### Problem to work on:
Give the line containing "В каком году" again, exactly, along with all later lines of the entries, through the last one.

BEGIN Input material

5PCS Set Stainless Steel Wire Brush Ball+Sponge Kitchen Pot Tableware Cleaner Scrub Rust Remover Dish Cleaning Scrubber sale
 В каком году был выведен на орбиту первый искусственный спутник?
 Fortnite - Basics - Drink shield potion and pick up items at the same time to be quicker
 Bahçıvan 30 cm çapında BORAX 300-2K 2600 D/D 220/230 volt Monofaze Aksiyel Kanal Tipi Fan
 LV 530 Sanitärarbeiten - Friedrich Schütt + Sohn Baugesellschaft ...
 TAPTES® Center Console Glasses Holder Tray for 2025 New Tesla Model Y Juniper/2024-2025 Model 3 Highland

END Input material

### Expected output:
 В каком году был выведен на орбиту первый искусственный спутник?
 Fortnite - Basics - Drink shield potion and pick up items at the same time to be quicker
 Bahçıvan 30 cm çapında BORAX 300-2K 2600 D/D 220/230 volt Monofaze Aksiyel Kanal Tipi Fan
 LV 530 Sanitärarbeiten - Friedrich Schütt + Sohn Baugesellschaft ...
 TAPTES® Center Console Glasses Holder Tray for 2025 New Tesla Model Y Juniper/2024-2025 Model 3 Highland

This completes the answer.